During the day, Karen Petrie (of Dundee University) and I ran an Android workshop – this was a mixture of talk & play, with the attendees building apps using AppInventor and learning about the basics of Android development. I was in charge of the talky bits (five short talks on various aspects of mobile dev, scattered throughout the day) and Karen was in charge of the hands-on Appinventor bits, but it was very much a double act; I helped out in the practical bits, Karen chipped in in the talky bits.

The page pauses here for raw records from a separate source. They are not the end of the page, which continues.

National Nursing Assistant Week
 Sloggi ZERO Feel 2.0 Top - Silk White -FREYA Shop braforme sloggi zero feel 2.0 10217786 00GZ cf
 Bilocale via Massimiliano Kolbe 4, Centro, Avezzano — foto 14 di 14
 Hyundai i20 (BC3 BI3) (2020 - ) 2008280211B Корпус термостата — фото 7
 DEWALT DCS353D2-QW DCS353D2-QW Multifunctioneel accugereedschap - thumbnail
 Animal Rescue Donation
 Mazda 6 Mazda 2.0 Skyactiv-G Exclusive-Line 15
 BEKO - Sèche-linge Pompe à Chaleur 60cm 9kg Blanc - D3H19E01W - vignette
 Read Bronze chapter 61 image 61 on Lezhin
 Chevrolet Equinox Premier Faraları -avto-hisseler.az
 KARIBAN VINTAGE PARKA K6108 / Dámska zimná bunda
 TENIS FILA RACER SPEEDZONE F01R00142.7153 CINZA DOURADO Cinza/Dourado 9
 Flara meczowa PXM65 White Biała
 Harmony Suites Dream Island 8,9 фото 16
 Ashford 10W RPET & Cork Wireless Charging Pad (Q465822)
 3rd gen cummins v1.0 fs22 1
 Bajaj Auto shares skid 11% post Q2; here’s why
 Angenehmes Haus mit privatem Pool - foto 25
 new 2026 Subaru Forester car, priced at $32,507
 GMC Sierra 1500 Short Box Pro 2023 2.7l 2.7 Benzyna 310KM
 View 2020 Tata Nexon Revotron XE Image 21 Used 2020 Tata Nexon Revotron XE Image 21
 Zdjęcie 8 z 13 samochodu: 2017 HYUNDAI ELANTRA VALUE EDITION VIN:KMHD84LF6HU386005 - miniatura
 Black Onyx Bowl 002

I found it great fun presenting with Karen – we know each other fairly well, but have never worked together on anything like this. We were somewhat under-coordinated (we only saw each other’s slides about 20 minutes before we started the workshop!) but through a mixture of extreme sarcasm and Agile presentation methodologies we managed to pull it off. The day worked brilliantly, and going on the attendees’ feedback questionnaires, I’m not the only one who enjoyed myself. Here’s a photo of one of the groups contemplating app development:

The first app attendees built was an extension of the “standard” Google example app, or “HelloPurr”. In this app you learn how to add a button, include a photo, include a sound, listen for the accellerometer, and then you link the playing of the sound to either pressing the button or shaking the phone. Or in layperson’s terms, you make something that meows when you touch or shake it. The very short video below shows what happens when everyone gets their devices meowing at the same time…

After lunch, we got into small groups and each group tried to make an app from scratch. I think it’s fair to say that there weren’t many completed apps, but there were some excellent tech demonstrators, including …

  • a compass for the blind which read out directions (“south … south … south … south-east …”),
  • an app which you could use to send an automated text message (for example, “I’m in the cinema, I’ll call you back in an hour”),
  • a launcher for video webinars, that could link direct to specific youtube clips,
  • a game for kids, teaching the alphabet through animals and sounds,
  • a “guess the year” quiz app with images and music,

I got short video clips of a few of these, which you can see on the bcswomen Youtube channel.

If any attendees want to see the slides, you can find them on my website here. We’ll copy them to somewhere on the BCS site at some point but that might take a little while.